▶ _Given information_:
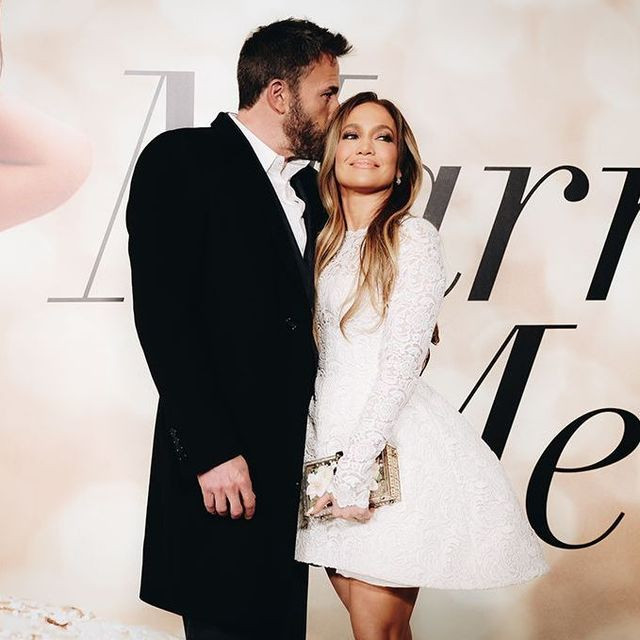 Ảnh cưới đẹp như mơ của Jennifer Lopez khi làm cô dâu ở tuổi 53 - Hình 7 Anh cuoi dep nhu mo cua Jennifer Lopez khi lam co dau o tuoi 53-Hinh-7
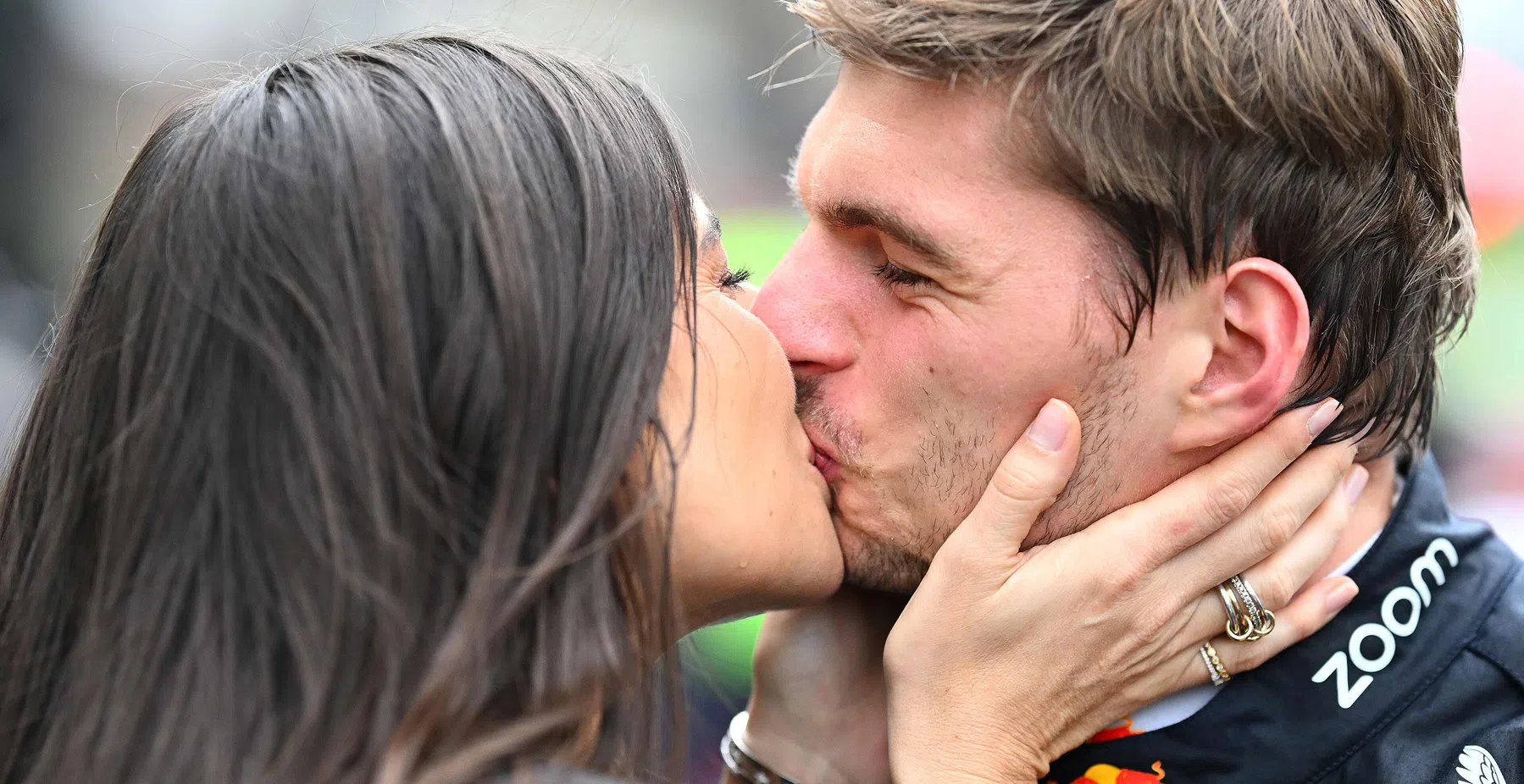 Max Verstappen en Kelly Piquet genieten na van F1-zege en jubileum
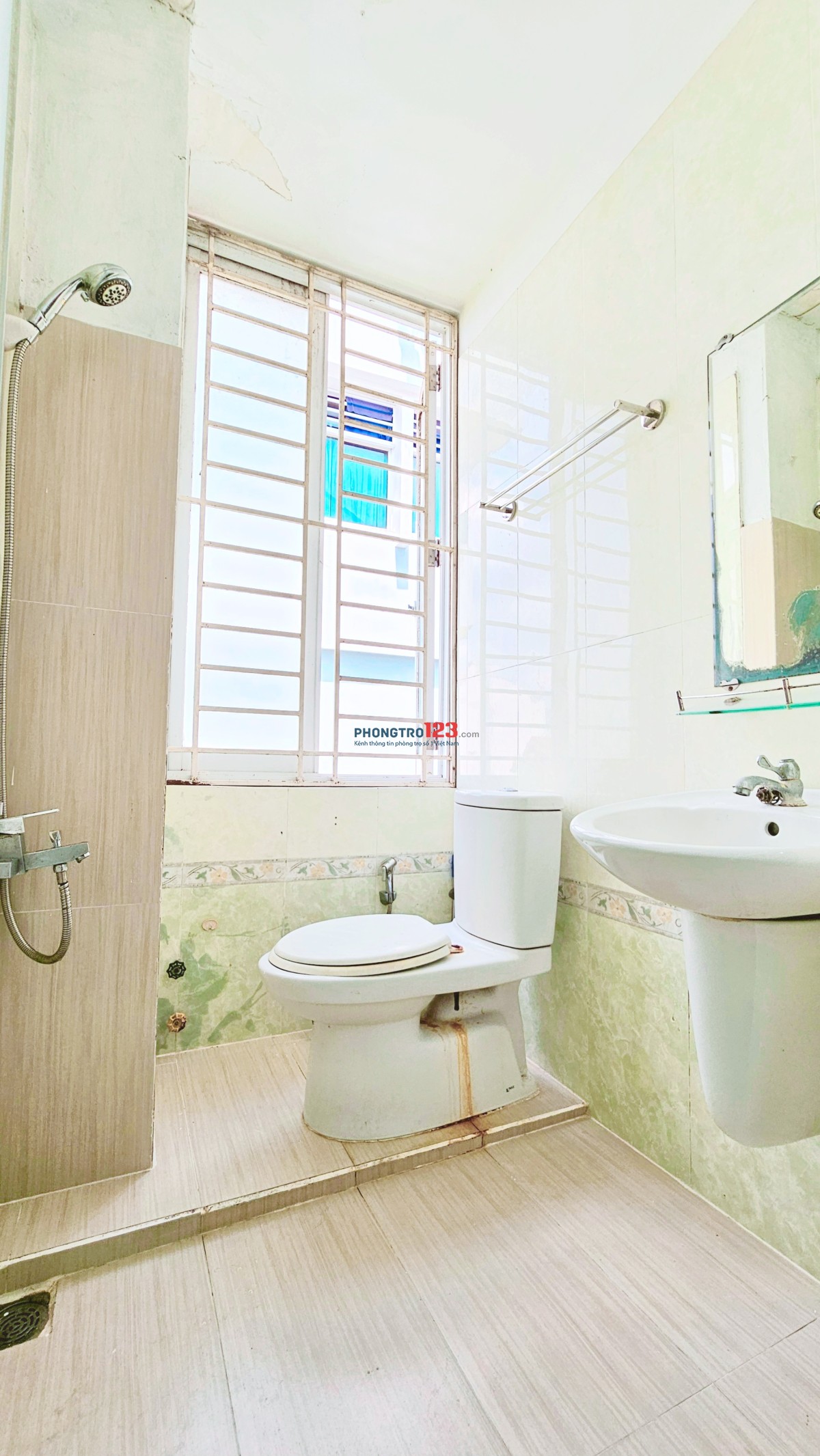 Giảm 50% tháng đầu tiên ! Sẵn 2 phòng full nội thất cam kết y như hình, ngay Hàng Xanh, kế Q1 !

▶ _What to produce_:
Output nothing but the lines from the line with "Max Verstappen en" through the last line of the material above, please, word for word and without the pictures.

▶ _Your solution_:
 Max Verstappen en Kelly Piquet genieten na van F1-zege en jubileum
 Giảm 50% tháng đầu tiên ! Sẵn 2 phòng full nội thất cam kết y như hình, ngay Hàng Xanh, kế Q1 !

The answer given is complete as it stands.